WORK INSTRUCTION: Return the line containing "Hi guys, Daniel" and every line after it through the end of the entries below, with no other lines.

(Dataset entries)
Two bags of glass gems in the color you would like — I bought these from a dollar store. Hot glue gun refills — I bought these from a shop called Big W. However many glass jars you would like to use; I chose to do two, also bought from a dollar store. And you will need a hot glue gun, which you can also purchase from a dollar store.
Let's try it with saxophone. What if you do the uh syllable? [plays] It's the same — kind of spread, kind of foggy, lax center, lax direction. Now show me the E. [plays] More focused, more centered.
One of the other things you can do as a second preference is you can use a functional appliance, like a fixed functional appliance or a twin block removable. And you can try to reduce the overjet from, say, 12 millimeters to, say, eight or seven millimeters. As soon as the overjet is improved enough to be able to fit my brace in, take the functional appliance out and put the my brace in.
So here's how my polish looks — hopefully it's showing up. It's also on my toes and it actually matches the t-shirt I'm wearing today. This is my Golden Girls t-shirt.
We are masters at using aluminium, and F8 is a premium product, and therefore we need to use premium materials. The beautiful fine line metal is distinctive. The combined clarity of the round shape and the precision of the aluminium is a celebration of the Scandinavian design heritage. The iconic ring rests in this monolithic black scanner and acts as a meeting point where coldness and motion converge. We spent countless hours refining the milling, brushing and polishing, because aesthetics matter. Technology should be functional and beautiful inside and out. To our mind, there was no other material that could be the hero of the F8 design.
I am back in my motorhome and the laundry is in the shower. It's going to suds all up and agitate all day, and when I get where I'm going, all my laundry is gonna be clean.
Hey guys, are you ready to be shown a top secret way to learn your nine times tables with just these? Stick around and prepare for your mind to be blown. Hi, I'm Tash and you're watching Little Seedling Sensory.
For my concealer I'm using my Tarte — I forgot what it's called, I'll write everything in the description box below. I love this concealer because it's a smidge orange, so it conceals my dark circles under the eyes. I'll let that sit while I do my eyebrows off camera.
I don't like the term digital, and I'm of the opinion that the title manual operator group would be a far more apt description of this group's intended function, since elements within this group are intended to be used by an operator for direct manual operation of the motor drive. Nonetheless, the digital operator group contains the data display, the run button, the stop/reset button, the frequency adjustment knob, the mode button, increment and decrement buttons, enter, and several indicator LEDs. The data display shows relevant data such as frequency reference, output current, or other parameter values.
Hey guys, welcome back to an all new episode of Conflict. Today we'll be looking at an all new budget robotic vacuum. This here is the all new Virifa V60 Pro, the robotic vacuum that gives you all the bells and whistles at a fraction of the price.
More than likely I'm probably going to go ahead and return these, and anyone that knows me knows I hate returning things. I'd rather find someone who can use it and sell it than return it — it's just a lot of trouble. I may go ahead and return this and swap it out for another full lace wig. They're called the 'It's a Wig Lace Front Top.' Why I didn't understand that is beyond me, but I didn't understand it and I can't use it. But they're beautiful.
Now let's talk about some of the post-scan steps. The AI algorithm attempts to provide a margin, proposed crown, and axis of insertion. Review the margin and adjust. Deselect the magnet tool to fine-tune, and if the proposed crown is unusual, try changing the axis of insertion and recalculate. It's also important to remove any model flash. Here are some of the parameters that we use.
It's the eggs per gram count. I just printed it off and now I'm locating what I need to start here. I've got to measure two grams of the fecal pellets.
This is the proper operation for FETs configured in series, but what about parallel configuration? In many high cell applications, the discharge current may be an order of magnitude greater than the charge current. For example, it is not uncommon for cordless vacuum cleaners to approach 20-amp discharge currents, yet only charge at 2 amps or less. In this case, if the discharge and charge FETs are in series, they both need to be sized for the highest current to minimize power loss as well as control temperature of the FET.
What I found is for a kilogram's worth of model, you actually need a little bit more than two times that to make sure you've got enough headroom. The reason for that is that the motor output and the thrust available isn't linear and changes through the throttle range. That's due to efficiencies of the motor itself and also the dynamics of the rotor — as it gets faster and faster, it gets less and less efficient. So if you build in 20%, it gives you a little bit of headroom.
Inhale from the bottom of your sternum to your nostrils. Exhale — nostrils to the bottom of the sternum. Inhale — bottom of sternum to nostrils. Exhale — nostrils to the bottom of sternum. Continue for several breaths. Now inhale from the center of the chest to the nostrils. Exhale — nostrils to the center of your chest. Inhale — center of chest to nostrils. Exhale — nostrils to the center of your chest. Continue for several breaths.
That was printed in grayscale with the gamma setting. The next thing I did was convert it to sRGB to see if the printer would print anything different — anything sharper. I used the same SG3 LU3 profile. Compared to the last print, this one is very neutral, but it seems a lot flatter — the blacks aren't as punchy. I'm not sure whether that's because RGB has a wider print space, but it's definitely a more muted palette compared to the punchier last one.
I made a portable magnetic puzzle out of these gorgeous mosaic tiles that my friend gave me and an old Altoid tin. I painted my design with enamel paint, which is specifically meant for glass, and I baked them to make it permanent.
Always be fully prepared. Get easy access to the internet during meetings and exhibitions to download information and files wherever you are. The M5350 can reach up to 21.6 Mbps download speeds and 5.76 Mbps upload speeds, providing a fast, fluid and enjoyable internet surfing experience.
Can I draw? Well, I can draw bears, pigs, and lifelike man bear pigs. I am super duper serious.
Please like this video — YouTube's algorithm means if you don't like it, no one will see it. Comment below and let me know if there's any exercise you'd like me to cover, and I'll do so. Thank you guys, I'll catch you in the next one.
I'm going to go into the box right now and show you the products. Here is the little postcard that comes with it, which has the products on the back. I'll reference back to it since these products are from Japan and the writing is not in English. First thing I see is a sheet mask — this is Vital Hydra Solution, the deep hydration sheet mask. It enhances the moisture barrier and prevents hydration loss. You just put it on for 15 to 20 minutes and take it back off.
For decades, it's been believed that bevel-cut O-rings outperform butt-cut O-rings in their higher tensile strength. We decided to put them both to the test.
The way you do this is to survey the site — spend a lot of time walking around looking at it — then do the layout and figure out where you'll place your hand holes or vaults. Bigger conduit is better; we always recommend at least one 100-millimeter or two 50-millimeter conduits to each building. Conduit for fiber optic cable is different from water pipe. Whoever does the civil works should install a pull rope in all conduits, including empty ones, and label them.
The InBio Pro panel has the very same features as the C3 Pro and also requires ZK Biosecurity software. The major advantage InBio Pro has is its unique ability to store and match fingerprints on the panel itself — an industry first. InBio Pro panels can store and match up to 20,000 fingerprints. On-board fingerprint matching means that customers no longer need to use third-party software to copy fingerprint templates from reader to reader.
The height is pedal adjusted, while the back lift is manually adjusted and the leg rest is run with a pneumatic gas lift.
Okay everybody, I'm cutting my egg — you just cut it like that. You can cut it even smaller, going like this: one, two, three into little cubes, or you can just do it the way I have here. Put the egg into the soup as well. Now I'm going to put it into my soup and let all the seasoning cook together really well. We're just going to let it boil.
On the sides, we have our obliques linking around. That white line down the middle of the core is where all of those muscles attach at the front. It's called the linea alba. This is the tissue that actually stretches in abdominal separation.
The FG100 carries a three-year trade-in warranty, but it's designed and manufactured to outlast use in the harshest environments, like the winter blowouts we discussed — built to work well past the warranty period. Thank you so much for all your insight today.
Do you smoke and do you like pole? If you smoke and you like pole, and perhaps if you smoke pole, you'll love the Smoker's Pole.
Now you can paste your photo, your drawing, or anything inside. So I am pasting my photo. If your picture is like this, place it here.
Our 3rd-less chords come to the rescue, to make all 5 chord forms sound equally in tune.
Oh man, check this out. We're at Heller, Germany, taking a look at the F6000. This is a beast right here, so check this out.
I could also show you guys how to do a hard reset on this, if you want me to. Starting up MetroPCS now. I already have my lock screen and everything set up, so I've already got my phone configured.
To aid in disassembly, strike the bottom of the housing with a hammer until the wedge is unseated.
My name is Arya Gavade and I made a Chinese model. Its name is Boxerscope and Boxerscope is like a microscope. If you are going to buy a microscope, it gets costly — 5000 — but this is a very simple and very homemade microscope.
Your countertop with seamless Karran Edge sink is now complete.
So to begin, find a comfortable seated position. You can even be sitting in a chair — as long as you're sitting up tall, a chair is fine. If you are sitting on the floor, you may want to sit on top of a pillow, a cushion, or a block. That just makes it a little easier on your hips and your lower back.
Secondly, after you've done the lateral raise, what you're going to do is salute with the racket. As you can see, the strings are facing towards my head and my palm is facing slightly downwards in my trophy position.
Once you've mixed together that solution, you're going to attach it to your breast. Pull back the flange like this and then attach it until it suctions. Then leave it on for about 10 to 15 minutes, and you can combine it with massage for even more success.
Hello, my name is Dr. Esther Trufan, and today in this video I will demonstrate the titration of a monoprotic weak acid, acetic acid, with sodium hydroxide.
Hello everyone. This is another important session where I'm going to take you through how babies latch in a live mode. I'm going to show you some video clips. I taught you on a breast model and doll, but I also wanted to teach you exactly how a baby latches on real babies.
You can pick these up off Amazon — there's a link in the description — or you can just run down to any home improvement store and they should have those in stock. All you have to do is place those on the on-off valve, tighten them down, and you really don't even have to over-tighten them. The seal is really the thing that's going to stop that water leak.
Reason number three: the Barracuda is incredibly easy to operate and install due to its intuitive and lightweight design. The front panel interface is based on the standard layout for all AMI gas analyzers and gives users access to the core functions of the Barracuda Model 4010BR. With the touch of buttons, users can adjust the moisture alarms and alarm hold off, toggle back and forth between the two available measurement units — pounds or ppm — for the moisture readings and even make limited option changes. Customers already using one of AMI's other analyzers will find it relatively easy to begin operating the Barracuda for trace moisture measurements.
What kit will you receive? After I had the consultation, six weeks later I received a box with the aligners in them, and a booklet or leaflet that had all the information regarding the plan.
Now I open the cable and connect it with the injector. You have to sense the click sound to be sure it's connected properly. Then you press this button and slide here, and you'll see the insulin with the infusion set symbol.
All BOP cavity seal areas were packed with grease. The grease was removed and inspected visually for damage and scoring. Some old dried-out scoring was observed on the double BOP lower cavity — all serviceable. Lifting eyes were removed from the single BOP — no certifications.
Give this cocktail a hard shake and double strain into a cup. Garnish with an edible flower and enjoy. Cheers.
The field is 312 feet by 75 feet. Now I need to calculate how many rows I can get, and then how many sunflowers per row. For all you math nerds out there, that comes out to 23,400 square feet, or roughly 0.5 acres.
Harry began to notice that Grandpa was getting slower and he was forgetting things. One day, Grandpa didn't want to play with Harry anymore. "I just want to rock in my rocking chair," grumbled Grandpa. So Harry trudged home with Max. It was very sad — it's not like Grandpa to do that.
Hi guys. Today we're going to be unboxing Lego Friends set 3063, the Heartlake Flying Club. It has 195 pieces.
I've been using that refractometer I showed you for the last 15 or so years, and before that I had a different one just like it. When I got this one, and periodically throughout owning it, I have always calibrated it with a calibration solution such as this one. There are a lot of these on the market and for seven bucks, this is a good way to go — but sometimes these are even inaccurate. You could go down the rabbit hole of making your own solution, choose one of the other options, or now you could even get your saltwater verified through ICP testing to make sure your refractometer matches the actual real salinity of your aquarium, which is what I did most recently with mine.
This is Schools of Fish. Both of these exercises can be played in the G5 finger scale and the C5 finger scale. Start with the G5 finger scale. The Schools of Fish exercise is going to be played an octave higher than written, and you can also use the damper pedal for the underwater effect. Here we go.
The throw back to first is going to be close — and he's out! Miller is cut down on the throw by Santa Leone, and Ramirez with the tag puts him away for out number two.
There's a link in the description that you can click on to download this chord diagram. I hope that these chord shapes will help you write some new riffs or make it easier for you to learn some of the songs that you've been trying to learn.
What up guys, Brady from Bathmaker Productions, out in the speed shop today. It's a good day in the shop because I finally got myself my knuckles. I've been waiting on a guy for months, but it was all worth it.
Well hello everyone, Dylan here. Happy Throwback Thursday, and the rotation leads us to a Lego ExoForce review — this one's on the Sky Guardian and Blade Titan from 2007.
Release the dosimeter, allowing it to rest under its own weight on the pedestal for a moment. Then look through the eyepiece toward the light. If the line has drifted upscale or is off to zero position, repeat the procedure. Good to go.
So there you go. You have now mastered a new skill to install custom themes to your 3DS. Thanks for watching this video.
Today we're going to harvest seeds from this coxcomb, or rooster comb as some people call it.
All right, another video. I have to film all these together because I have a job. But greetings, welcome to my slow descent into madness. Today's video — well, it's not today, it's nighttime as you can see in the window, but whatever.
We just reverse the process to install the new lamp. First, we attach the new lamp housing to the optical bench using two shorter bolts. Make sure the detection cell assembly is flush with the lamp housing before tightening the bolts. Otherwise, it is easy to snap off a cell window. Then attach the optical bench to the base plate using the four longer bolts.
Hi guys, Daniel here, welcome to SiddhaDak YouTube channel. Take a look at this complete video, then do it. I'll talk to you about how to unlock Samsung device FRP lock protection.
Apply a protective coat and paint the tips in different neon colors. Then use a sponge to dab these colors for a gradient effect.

WRITTEN SOLUTION:
Hi guys, Daniel here, welcome to SiddhaDak YouTube channel. Take a look at this complete video, then do it. I'll talk to you about how to unlock Samsung device FRP lock protection.
Apply a protective coat and paint the tips in different neon colors. Then use a sponge to dab these colors for a gradient effect.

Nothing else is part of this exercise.